如果不知道间隔分区的名称,可以使用 FOR ( key-value ) 语法
对于范围分区,由于在DDL建立的分区是有限的,因此在新数据到来之前需要预先建立好分区。例如在除夕就需要建立为新年数据的分区,否则insert时就会报错,这对DBA是个负担。因此需要一种自动的方式,这就是间隔分区。
create table sales
(
tstamp date not null,
empno number(10) not null,
ename varchar(2) not null,
deptno varchar(2) not null
)
partition by range (tstamp)
interval (numtoyminterval(1, 'YEAR'))
(
partition p00 values less than (DATE '2010-01-01')
);
select partition_name, high_value from user_tab_partitions
where table_name = 'SALES';
PARTITION_NAME HIGH_VALUE
-------------- ----------
P00 TO_DATE(' 2010-01-01 00:00:00', 'SYYYY-MM-DD HH24:MI:SS', 'NLS_CALENDAR=GREGORIAN')

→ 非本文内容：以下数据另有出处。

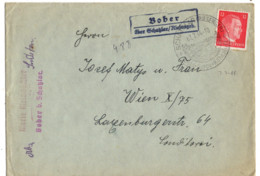 ALLEMAGNE REICH SUDETES LETTRE OBLITERE GRIFFE MANUELLE BOBER UBER SCHATZLAR / RIESENGEBIERG (POLOGNE) POUR VIENNE - Bezetting 1938-45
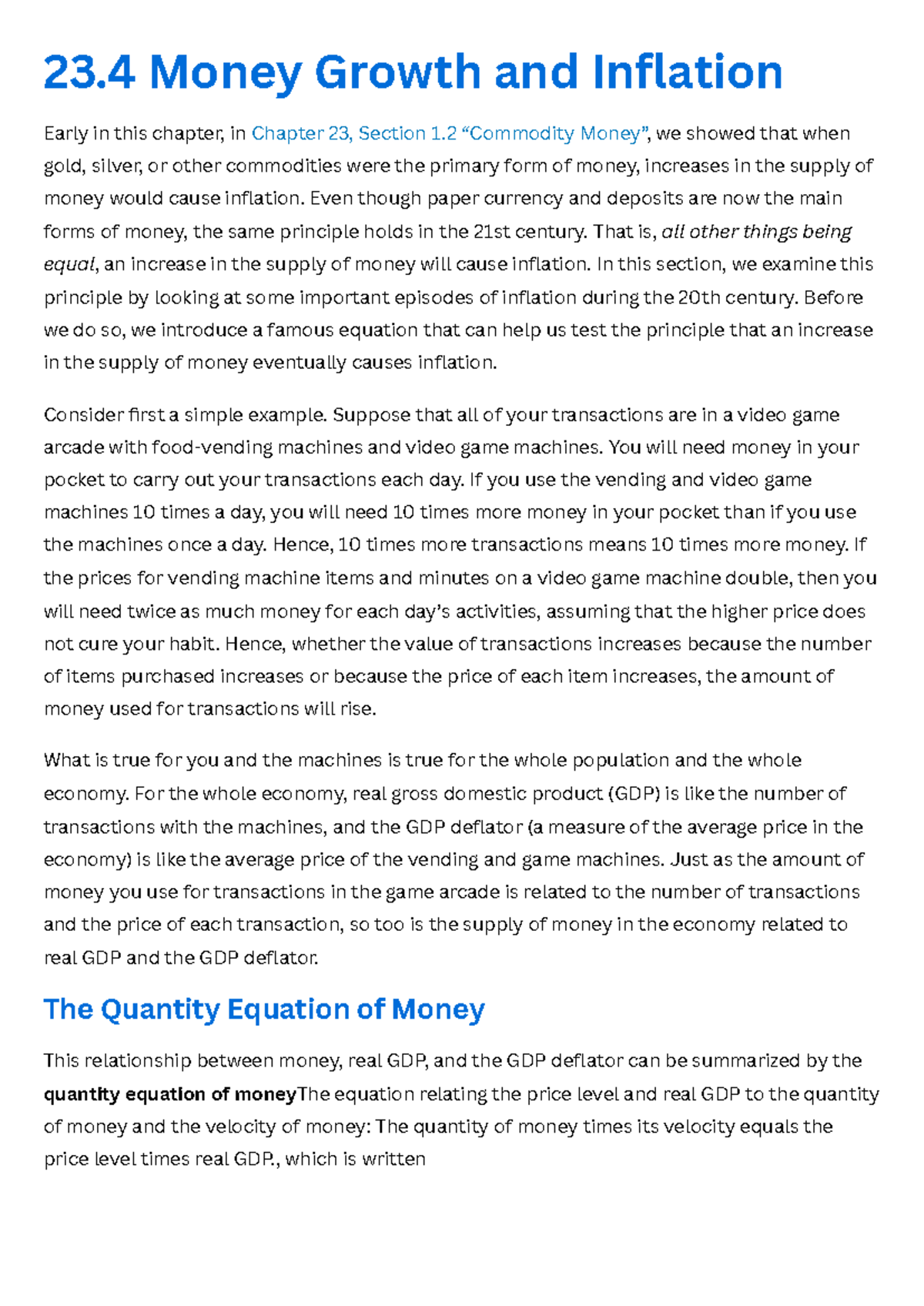 23.4 Money Growth and Inflation - 23 Money Growth and Inflation Early ...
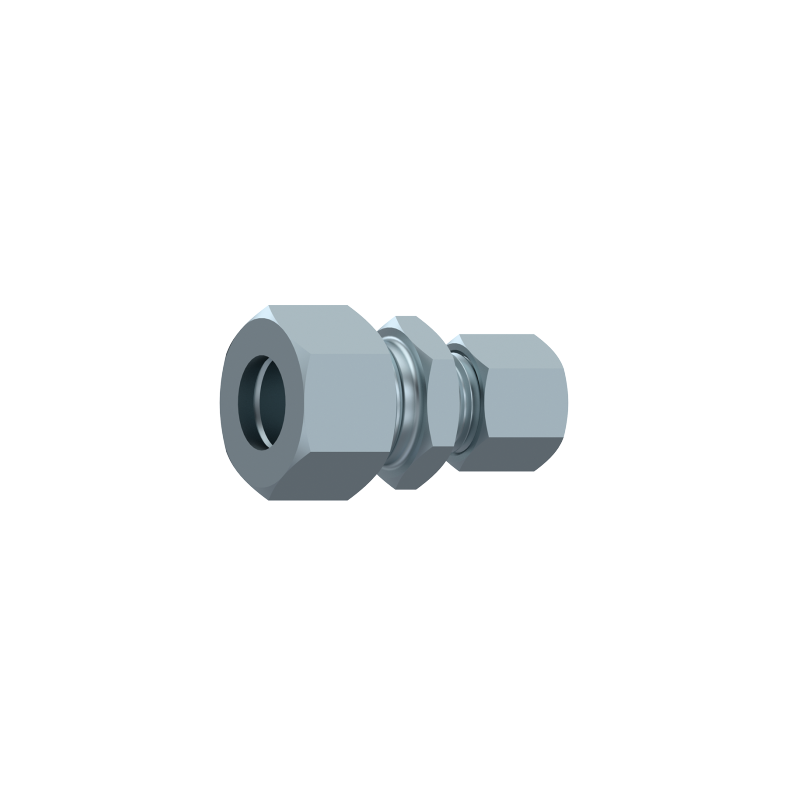 Pipe connection (straight) with rings and nuts for 18-22mm pipe DIN 2353 L-series Zn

insert into sales values (to_date(''12-DEC-2011), 100, 'ME', 'EA');
select partition_name, high_value from user_tab_partitions
where table_name = 'SALES';
PARTITION_NAME HIGH_VALUE
-------------- ----------
P00 TO_DATE(' 2010-01-01 00:00:00', 'SYYYY-MM-DD HH24:MI:SS', 'NLS_CALENDAR=GREGORIAN')
SYS_P492130 TO_DATE(' 2012-01-01 00:00:00', 'SYYYY-MM-DD HH24:MI:SS', 'NLS_CALENDAR=GREGORIAN')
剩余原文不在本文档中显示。